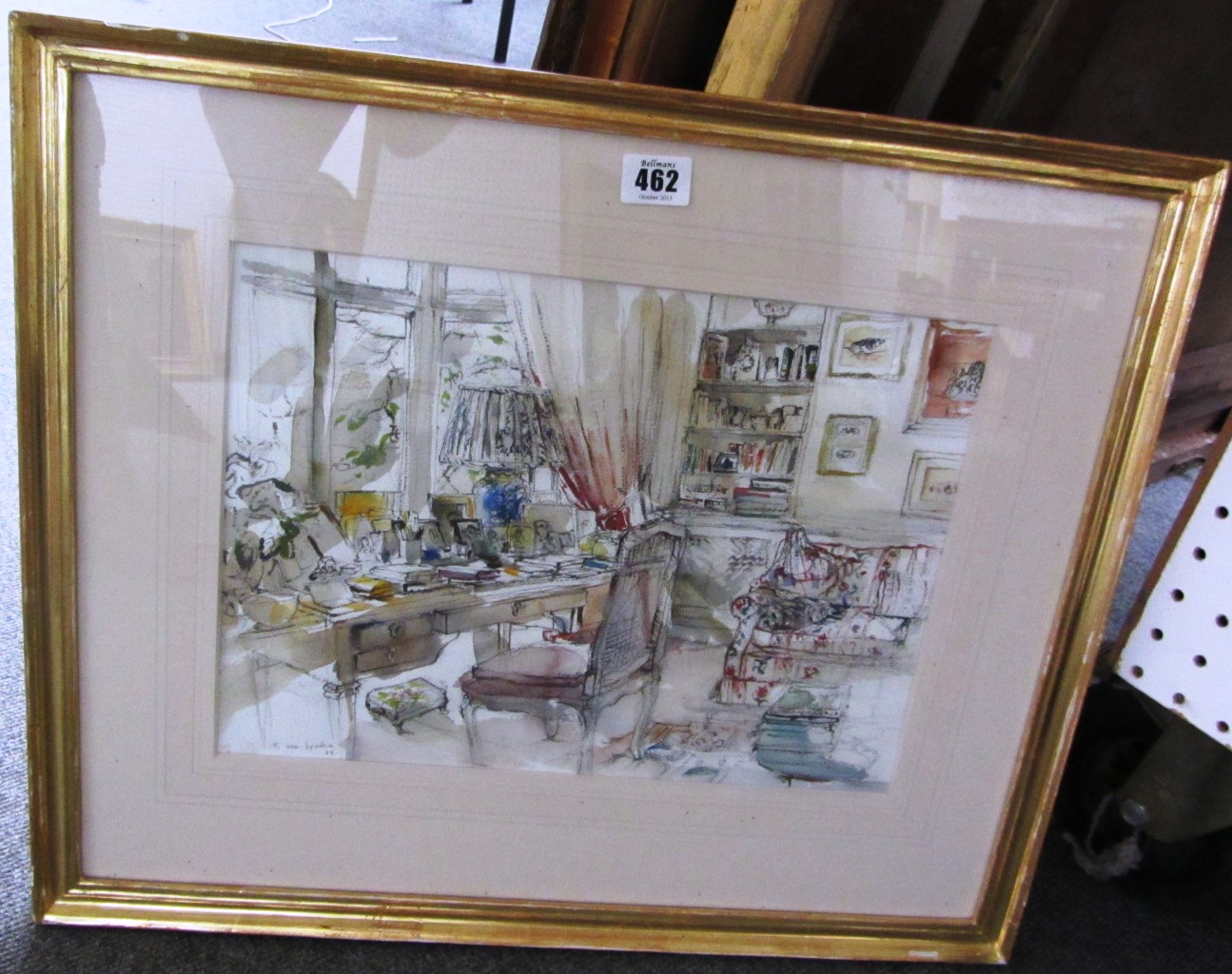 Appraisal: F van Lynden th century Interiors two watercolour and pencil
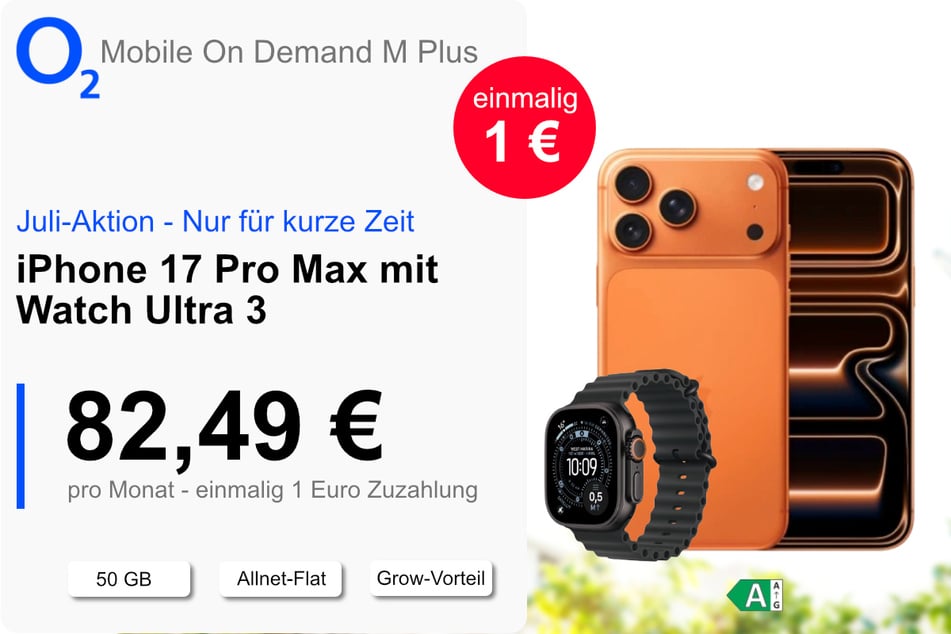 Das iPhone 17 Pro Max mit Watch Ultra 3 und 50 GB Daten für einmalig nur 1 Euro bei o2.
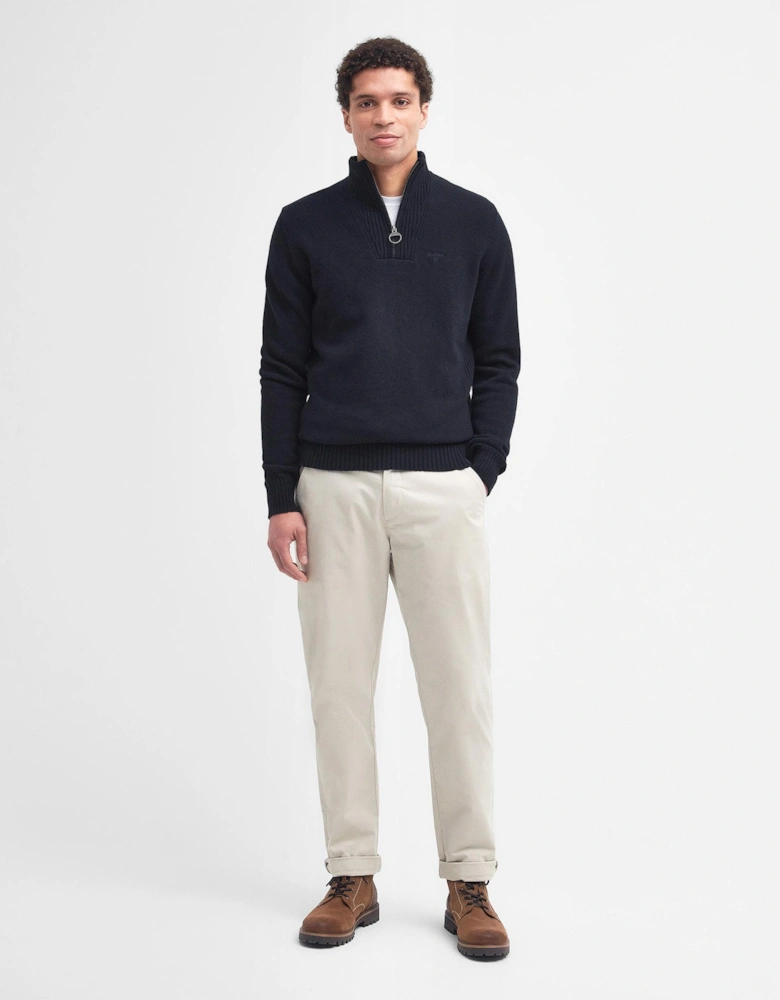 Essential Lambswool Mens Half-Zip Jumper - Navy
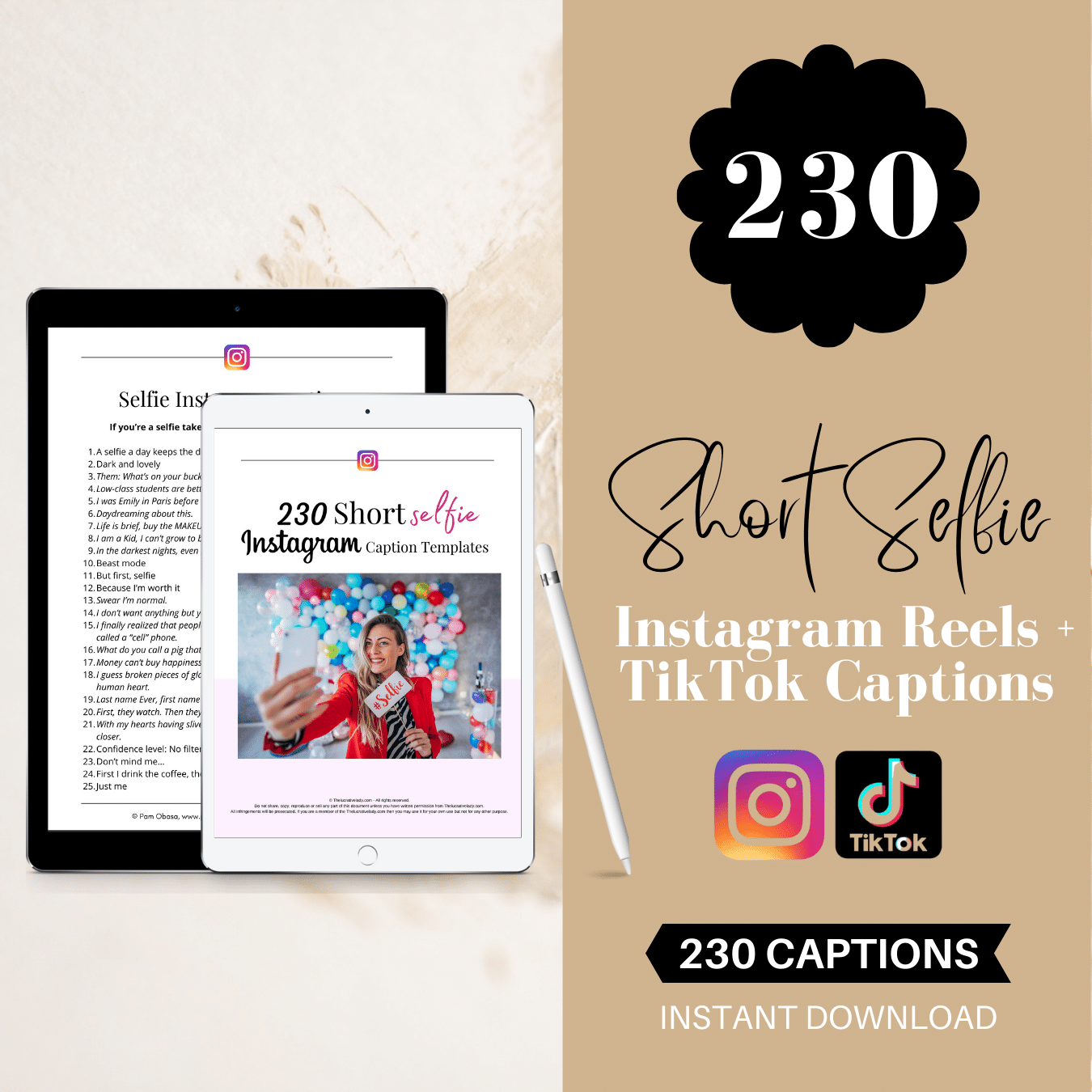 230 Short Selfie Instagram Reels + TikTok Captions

********

_Instructions for the task_
The expected answer consists solely of the lines from the one with "Essential Lambswool Mens" through the last line of the listing above, restated exactly, minus any pictures.

_Response for this exercise_
 Essential Lambswool Mens Half-Zip Jumper - Navy
 230 Short Selfie Instagram Reels + TikTok Captions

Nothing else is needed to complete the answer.